> _Task goal_: Transcribe the data in full and exactly, omitting any pictures.

> _Material provided_:
* * *

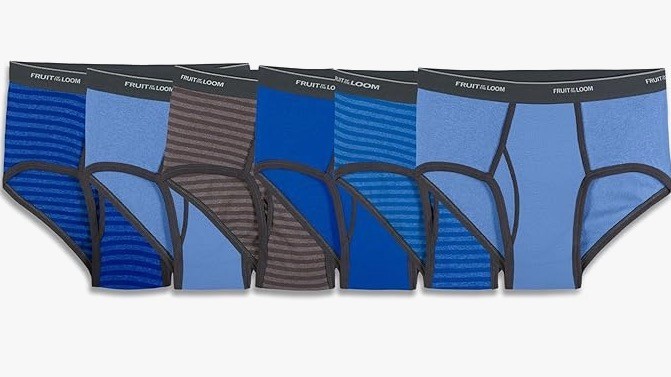Fruit of the Loom Men’s Fashion Pattern Briefs Underwear ( 6 Pack Gray Stripes)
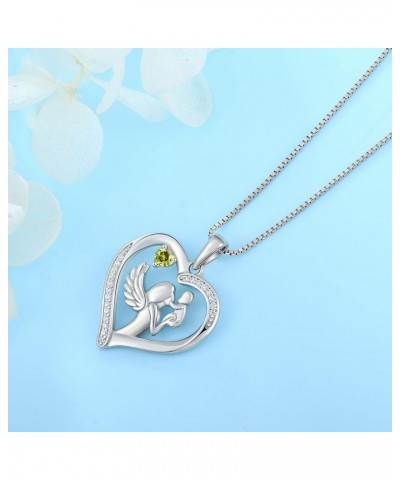 Sterling Silver Mother and Child Love Heart Pendant 12 Birth Stone Necklace Jewelry, Best Mom Necklace Gift August - Peridot ...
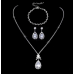 Women's Silver Color Fashion Wedding Jewelry Luxury Crystal Pearl Necklace/Earrings/Bracelet Ladies Jewelry Sets for Bridal - 794677171980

* * *

> _Written answer_:
Fruit of the Loom Men’s Fashion Pattern Briefs Underwear ( 6 Pack Gray Stripes)
 Sterling Silver Mother and Child Love Heart Pendant 12 Birth Stone Necklace Jewelry, Best Mom Necklace Gift August - Peridot ...
 Women's Silver Color Fashion Wedding Jewelry Luxury Crystal Pearl Necklace/Earrings/Bracelet Ladies Jewelry Sets for Bridal - 794677171980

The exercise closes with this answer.